LISTED ENTRIES START

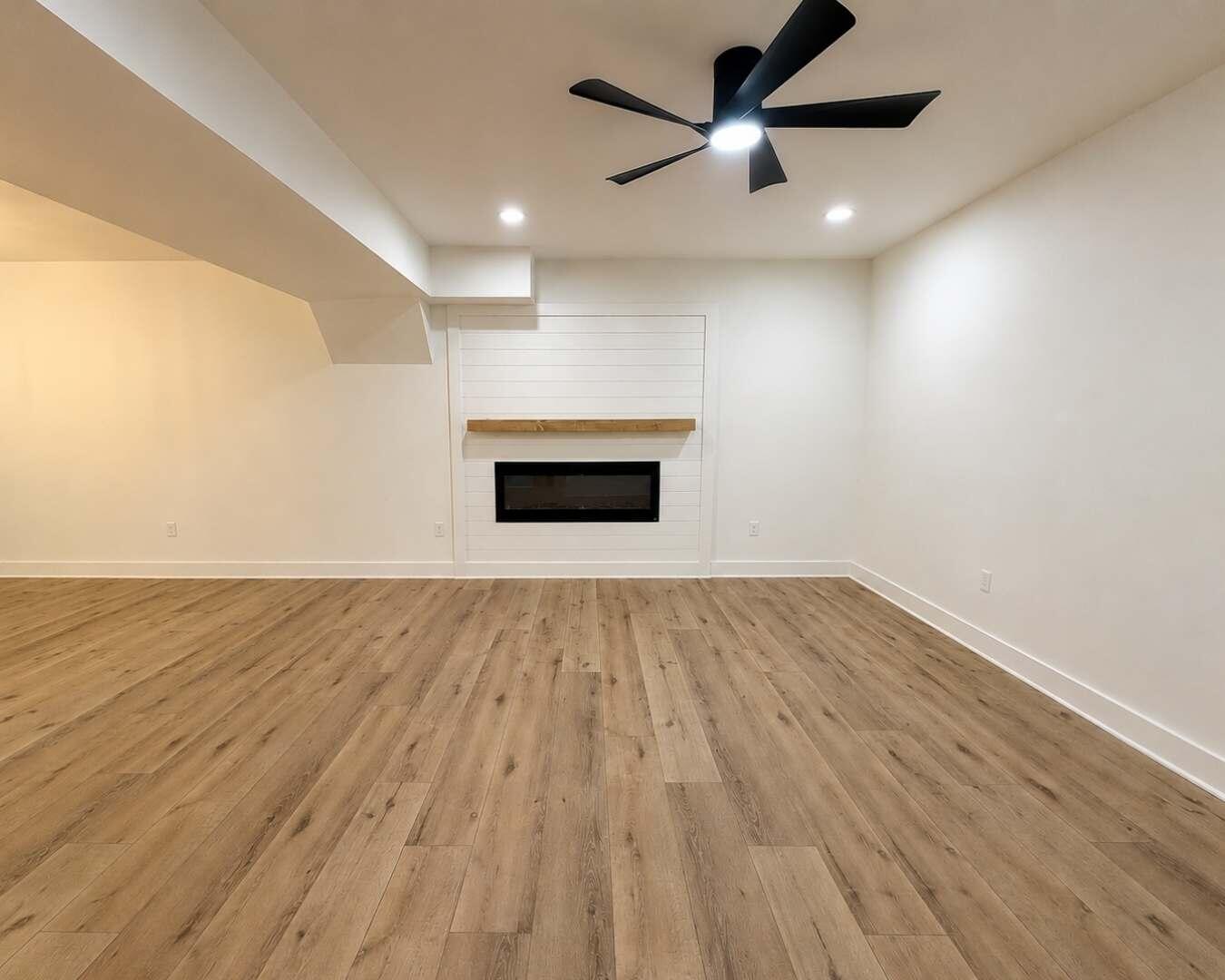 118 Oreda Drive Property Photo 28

LISTED ENTRIES END
LISTED ENTRIES START

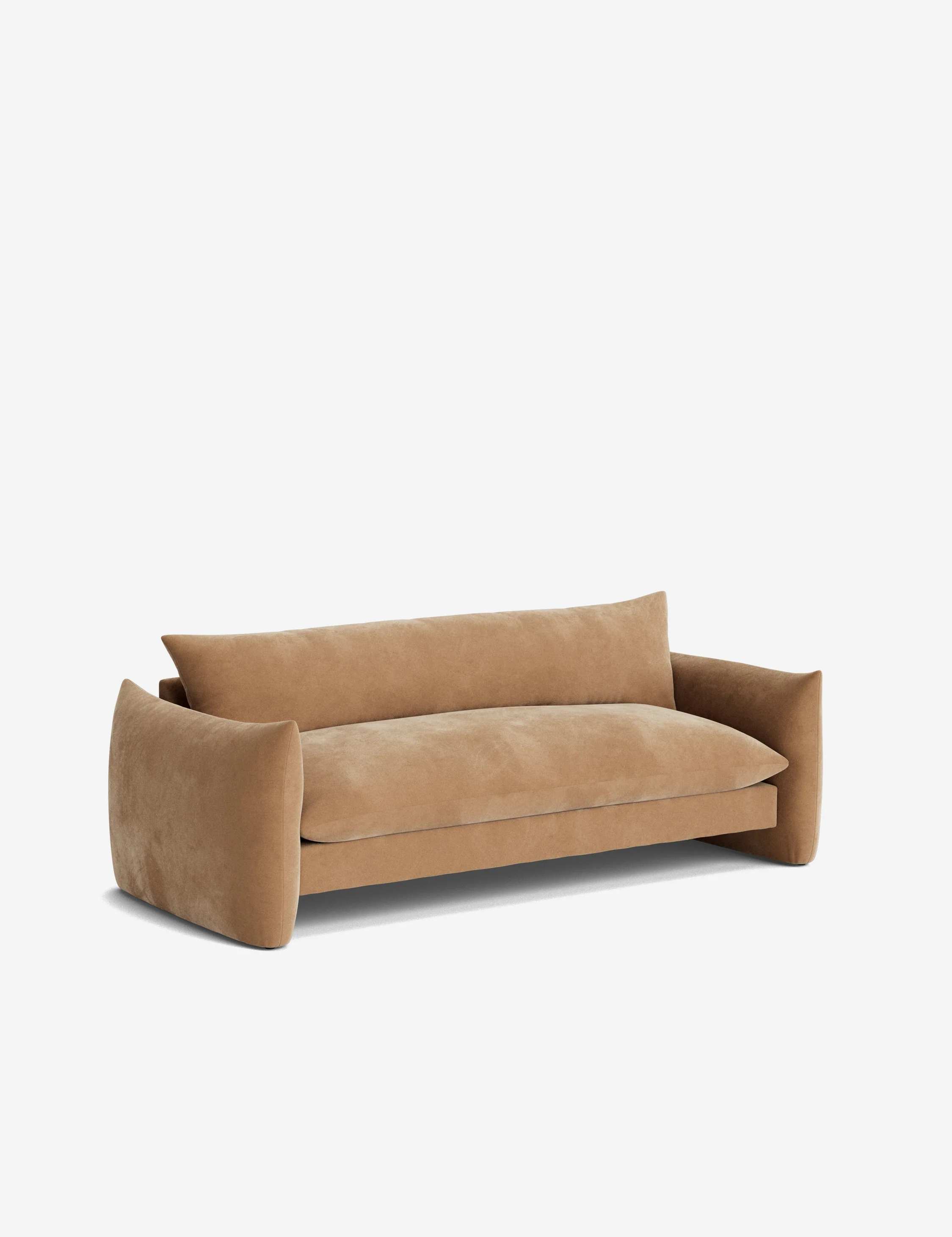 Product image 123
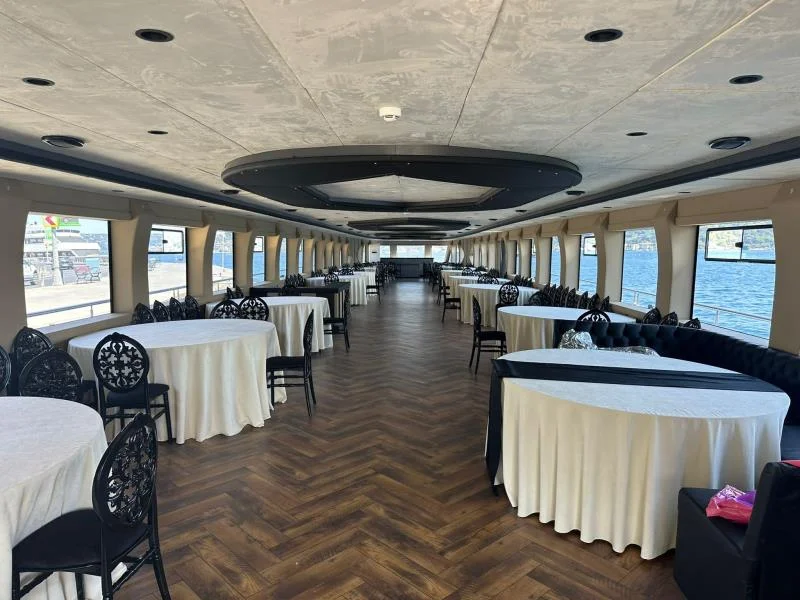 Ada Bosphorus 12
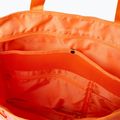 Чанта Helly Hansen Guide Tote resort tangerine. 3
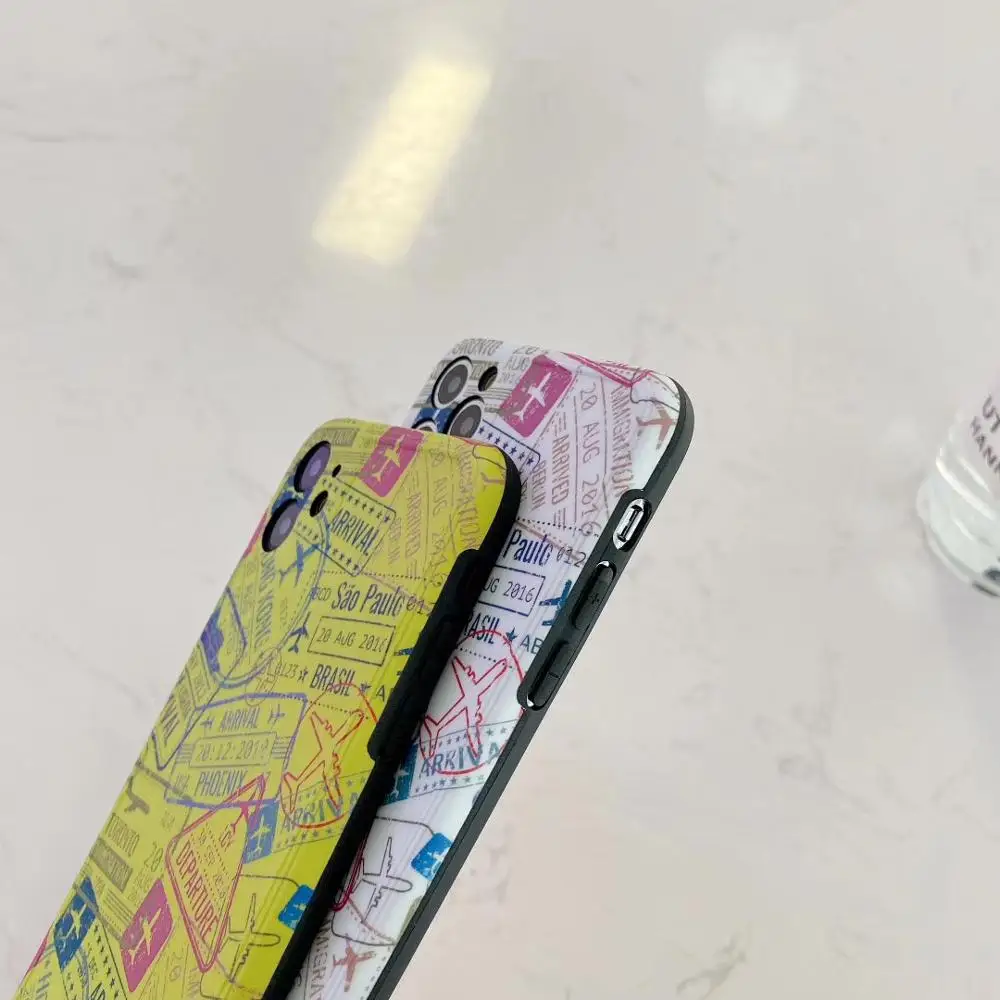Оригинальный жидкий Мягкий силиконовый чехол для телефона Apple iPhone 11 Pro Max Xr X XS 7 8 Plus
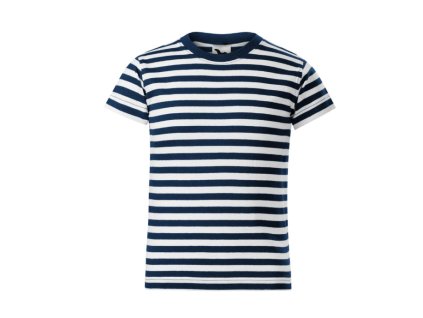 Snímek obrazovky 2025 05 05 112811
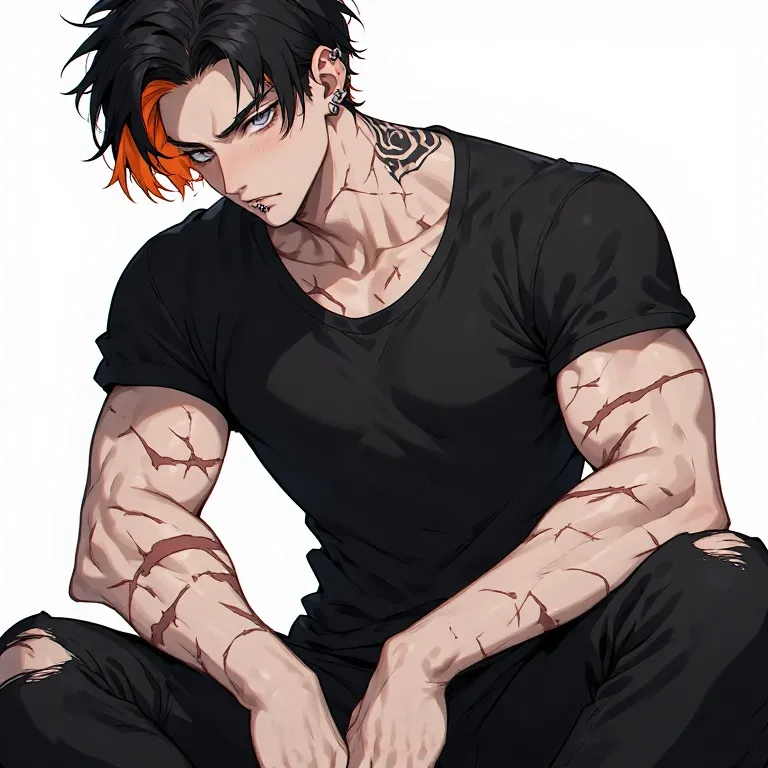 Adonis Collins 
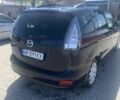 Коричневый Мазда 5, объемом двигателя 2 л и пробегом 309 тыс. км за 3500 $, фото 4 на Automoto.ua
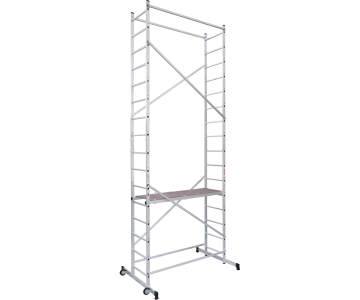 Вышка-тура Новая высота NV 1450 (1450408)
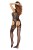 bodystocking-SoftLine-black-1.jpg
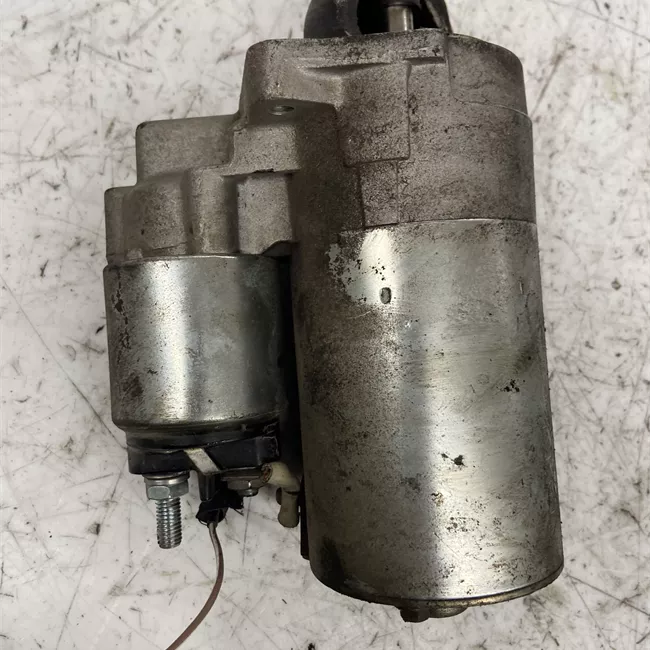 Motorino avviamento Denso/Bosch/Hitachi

LISTED ENTRIES END

TASK PROMPT. Would you give again, exactly, the lines in the data above that run from the line containing "Product image 123" to the line containing "Motorino avviamento Denso/Bosch/Hitachi"? Include both ends and no pictures.

EXERCISE OUTPUT.
 Product image 123
 Ada Bosphorus 12
 Чанта Helly Hansen Guide Tote resort tangerine. 3
Оригинальный жидкий Мягкий силиконовый чехол для телефона Apple iPhone 11 Pro Max Xr X XS 7 8 Plus
 Snímek obrazovky 2025 05 05 112811
 Adonis Collins 
 Коричневый Мазда 5, объемом двигателя 2 л и пробегом 309 тыс. км за 3500 $, фото 4 на Automoto.ua
 Вышка-тура Новая высота NV 1450 (1450408)
 bodystocking-SoftLine-black-1.jpg
 Motorino avviamento Denso/Bosch/Hitachi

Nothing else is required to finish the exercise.